Age, gender, and racial/ethnic differences in the association of triclocarban with adulthood obesity using NHANES 2013–2016
Published in Archives of Environmental & Occupational Health, 2020
Uloma Igara Uche, Christopher C. King
The etiology of adulthood obesity is multifaceted. While there is substantial evidence of its association with diet, lack of physical activities, and genetic susceptibility, current evidence suggests associations with some environmental factors.8,9 Animal studies have demonstrated environmental agents can disrupt the endocrine system and/or metabolic pathways possibly increasing the risk of obesity. Environmental factors such as bisphenol A, phthalates, and metals have been linked to obesity because of their endocrine disrupting capabilities,10–23 yet there are many other environmental factors to be evaluated. Triclocarban, also known as 3-(4-Chlorophenyl)-1-(3,4-dichlorophenyl)urea or trichlorocarbanilide, is a broad-based biocide with activity against bacteria and fungi. It commonly serves as an antimicrobial agent in cosmetics and personal care products (PCP) such as soaps, lotions, toothpaste, and deodorants.24,25 Its use in PCP was banned by the Food and Drug Administration in September 2016 due to potential health concerns, however, evidence still indicates continuous use in the US.26,27 Significant levels of triclocarban have been detected in human urine, serum, and cord blood samples28,29 due mainly to absorption of triclocarban from PCP. It also has been detected in the environment due to its resistance to degradation in sewage treatment processes.30–32 Triclocarban persists in the environment and bioaccumulates in living organisms,33,34 with potential adverse effects.
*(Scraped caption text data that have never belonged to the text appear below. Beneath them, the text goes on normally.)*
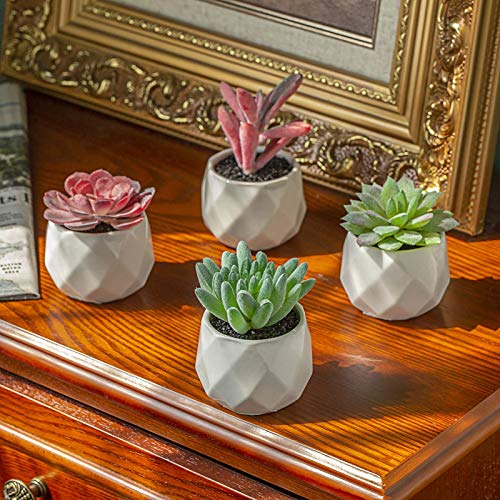 51NtDE3FZZL 51NtDE3FZZL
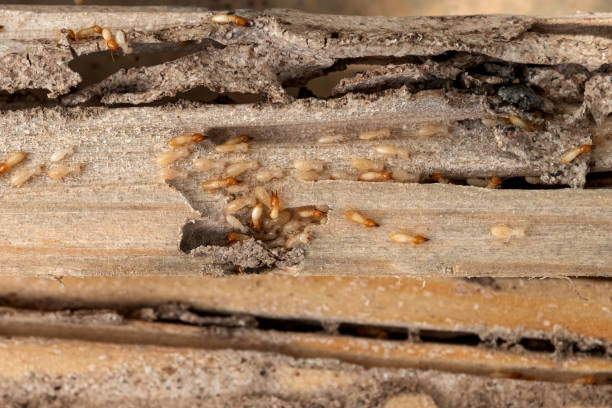 Best Affordable Pest Control Services  in Bentonville, AR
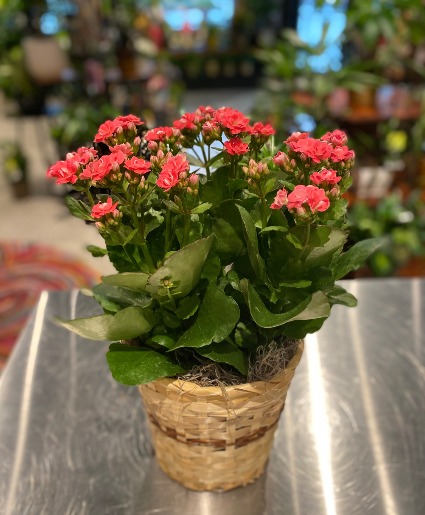 PARKWAY FLORAL INC.
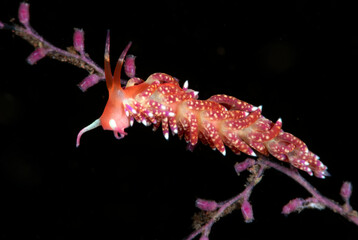 Trinchesia sp. - nudibranch (sea slug) feeding on a hydroid. Underwater macro world of Tulamben, Bali, Indonesia.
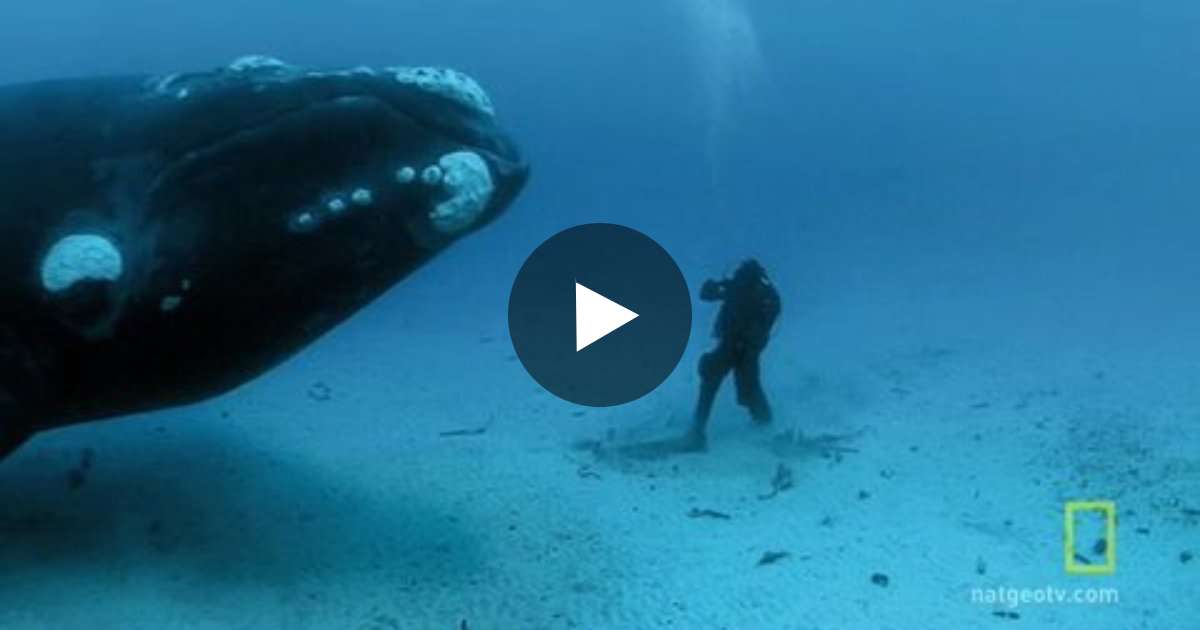 This Diver Encounters A Giant Whale On Ocean Floor. His Story Will ...
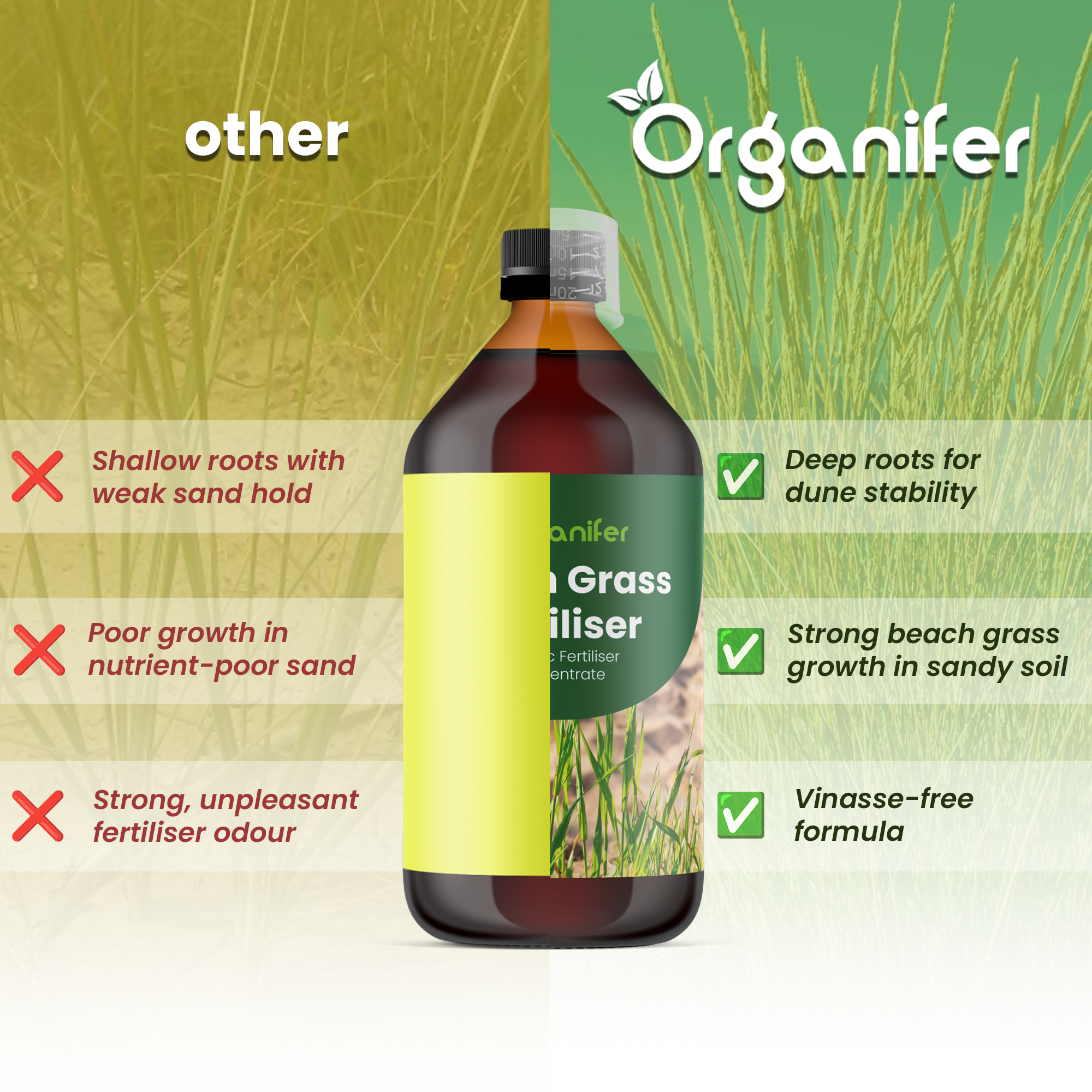 Beach Sand comparison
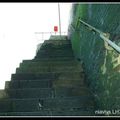 Escalier sur le Port du Havre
Findings from both in vivo and in vitro studies suggest triclocarban to be an endocrine disruptor and to affect estrogen and testosterone levels.35–38 In recombinant cell bioassays, Ahn et al38 found that triclocarban enhances steroid hormones to induce estrogen and androgen dependent gene expression through their interaction with receptors. Likewise, Chen et al35 found that triclocarban enhances testosterone action by interacting with androgen receptors. In addition, Huang et al39 found that triclocarban demonstrated estrogen-like activities in analyses using in vitro assays.